The Imjin River in Paju, northwest of Seoul. (Yonhap)
Last week, another corpse thought to be of a North Korean was recovered from the South Korean side of the Imjin River, which flows from North Korea and crosses the border. The deceased, a woman, was wearing a badge with portraits of the North’s two former leaders Kim Il-sung and Kim Jong-il, according to local police investigators.
It was the fourth time in July that a body suspected to be of a North Korean was found washed up in the South.
The three other bodies wore no badge to indicate their origin. But their thin bodies, worn-out clothes missing fabric labels and the absence of marks from vaccination shots support the theory that they are North Koreans.
Bodies floating down
The first of the four, found on July 2 was a child, thought to be aged between 3 and 7 years old, washed ashore on the island of Ganghwado, off the coast of Incheon. The child was wearing only a long-sleeved top.
Just three days later, another child -- a boy wearing only shorts -- was recovered in an estuary of the Han River in Gimpo, Gyeonggi Province, just south of the Military Demarcation Line. On July 16, a 9-month-old baby was found naked and dead near the Unification Bridge over the Imjin River in Paju, northwest of Seoul.
The clothes that were found did not have fabric labels, which are required for all clothing products sold here. For the younger one without clothing, police found no trace of vaccination shots. All infants born in South Korea are required to get vaccine shots in accordance with the government-set immunization schedule for children. For instance, a typical baby 3-month-old would have received shots for hepatitis and tuberculosis.
While police investigations are underway to establish the deceased’s identity, some North Korean defectors told The Korea Herald that they were probably victims of flooding in the North.
“In North Korea, summer floods cause serious casualties as it lacks a well-equipped drainage system unlike the South,” said Choi Hyun-joon, 52, founder of Unification Future Solidarity, an organization dedicated to assisting North Korean defectors settle in South Korean society.
According to the North’s state-run Korean Central Broadcasting Station, the western provinces of South and North Hwanghae and the city of Kaesong near the inter-Korean border had been hit with more than 300 millimeters of rainfall from June 27-30.
Trees are uprooted by heavy rain and strong winds in North Korea‘s capital city of Pyongyang, in this footage captured from the Korean Central Television on June 26. (Yonhap)
Choi also raised the possibility of landslides as well.
“Mountains in North Korea are mostly bare and rocky. As you know, trees, with their roots, hold soil in place and fight erosion. Heavy rain often causes huge losses of both life and property in the country largely due to the problem of deforestation,” he said.
Formerly a member of the North’s Communist Party, Choi defected to the South in 2008.
If they are North Korean, what happens next?

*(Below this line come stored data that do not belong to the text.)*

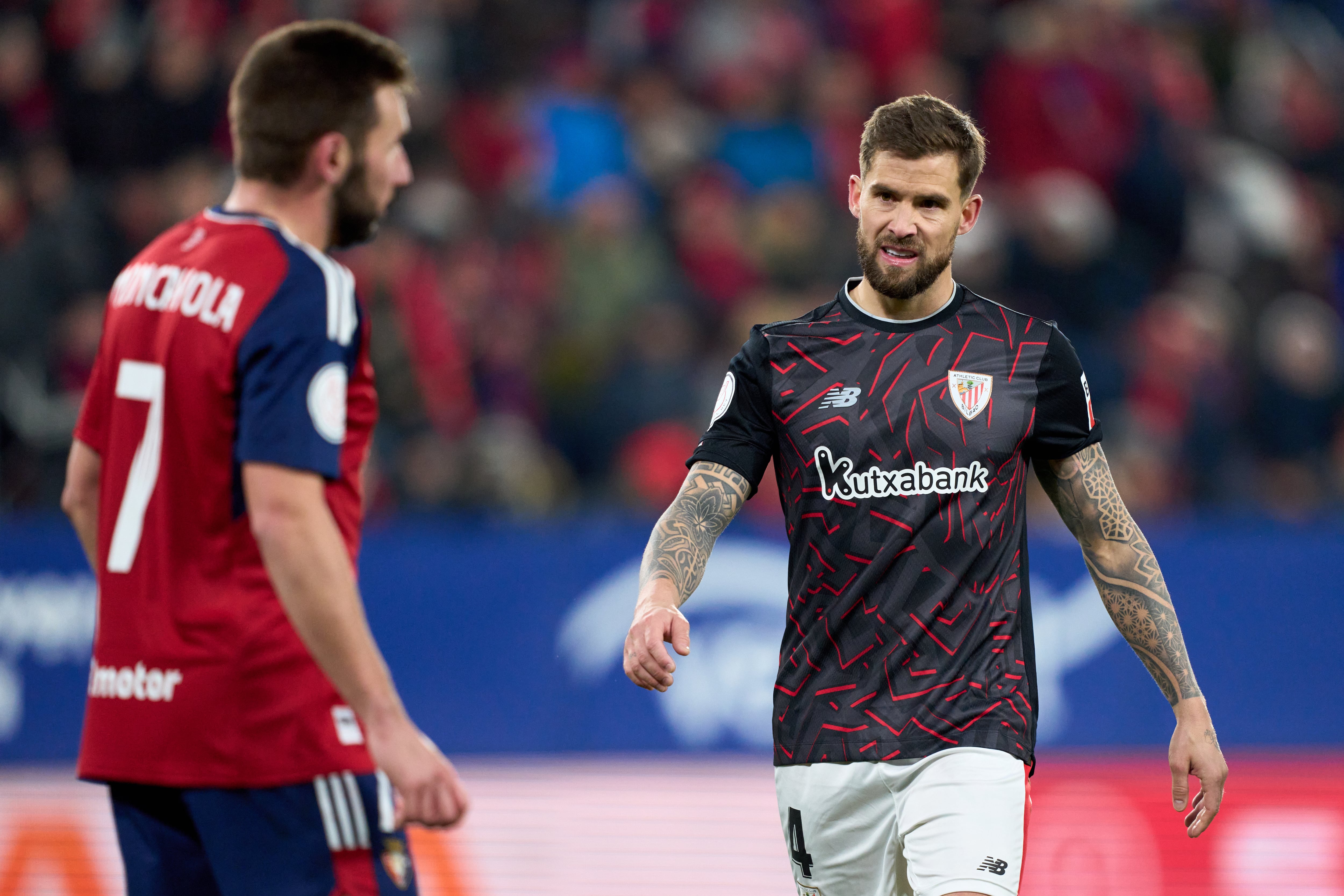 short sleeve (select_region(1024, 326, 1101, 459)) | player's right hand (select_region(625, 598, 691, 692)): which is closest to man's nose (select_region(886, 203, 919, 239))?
short sleeve (select_region(1024, 326, 1101, 459))

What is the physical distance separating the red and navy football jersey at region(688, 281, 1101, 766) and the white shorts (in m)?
0.05

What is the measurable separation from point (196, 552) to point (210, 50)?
8.92 metres

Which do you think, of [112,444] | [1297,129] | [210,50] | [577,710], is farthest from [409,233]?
[112,444]

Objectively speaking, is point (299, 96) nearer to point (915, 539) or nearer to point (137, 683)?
point (137, 683)

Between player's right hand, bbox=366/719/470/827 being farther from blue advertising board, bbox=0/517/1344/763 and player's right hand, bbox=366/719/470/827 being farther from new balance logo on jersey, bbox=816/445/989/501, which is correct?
blue advertising board, bbox=0/517/1344/763

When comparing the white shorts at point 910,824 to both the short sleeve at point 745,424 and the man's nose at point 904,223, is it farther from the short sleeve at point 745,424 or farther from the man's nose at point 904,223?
the man's nose at point 904,223

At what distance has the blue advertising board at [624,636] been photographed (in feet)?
26.1

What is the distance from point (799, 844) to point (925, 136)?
5.73 ft

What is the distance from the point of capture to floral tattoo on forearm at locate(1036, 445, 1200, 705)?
3.95 m

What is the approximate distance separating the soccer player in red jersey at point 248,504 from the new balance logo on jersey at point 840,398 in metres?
1.22

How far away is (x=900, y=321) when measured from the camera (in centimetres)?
398

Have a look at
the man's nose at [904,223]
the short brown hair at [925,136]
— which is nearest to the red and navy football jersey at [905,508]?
the man's nose at [904,223]

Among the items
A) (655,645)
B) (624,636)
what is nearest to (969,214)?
(655,645)

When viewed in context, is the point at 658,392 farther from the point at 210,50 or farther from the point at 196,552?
the point at 196,552
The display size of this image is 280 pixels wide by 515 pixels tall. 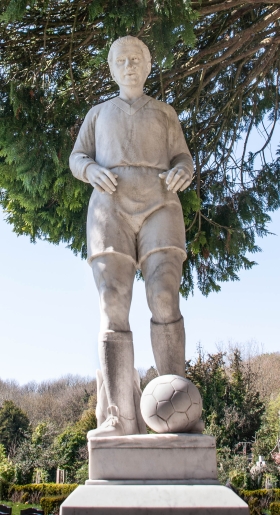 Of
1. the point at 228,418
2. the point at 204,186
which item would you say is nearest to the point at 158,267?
the point at 204,186

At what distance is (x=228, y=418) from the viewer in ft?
75.9

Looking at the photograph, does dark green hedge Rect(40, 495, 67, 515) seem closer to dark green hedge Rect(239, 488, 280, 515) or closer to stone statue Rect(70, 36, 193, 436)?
dark green hedge Rect(239, 488, 280, 515)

If the dead body of a North Korean is found in the South, the Seoul government should report it to the North and discuss its repatriation, under an agreement on the disposal of North Korean bodies which came into effect in 2000.
Of the four cases in July, only the woman wearing the North Korean badge is likely to be reported, local reports said.
At the same time, the Seoul authorities are obliged to check whether the deceased have any relatives here.
This, however, looks unlikely to happen, according to defector-turned-lawyer Lee Young-hyun.
“North Korea wouldn’t want to reveal their safety loopholes to the world by taking the dead bodies of their residents. The North Korean authorities always promote their image to foreign countries as a stable regime,” he said. He passed the national bar exam in 2019, becoming the first defector to do so.
As for the three children, despite them appearing to be North Korean, their bodies are likely to go through the South Korean process of handling unclaimed bodies.
Meanwhile, it is not a rarity that bodies of North Koreans wash up in the South.
In the summer of 2007, Seoul authorities discovered a total of 11 bodies after heavy rains in the North. At that time the North agreed to have them repatriated.
In July 2017, when Seoul asked Pyongyang about a body of a woman in her 40s washed ashore on Yeonpyeong Island near the border, but the regime had refused to take it over.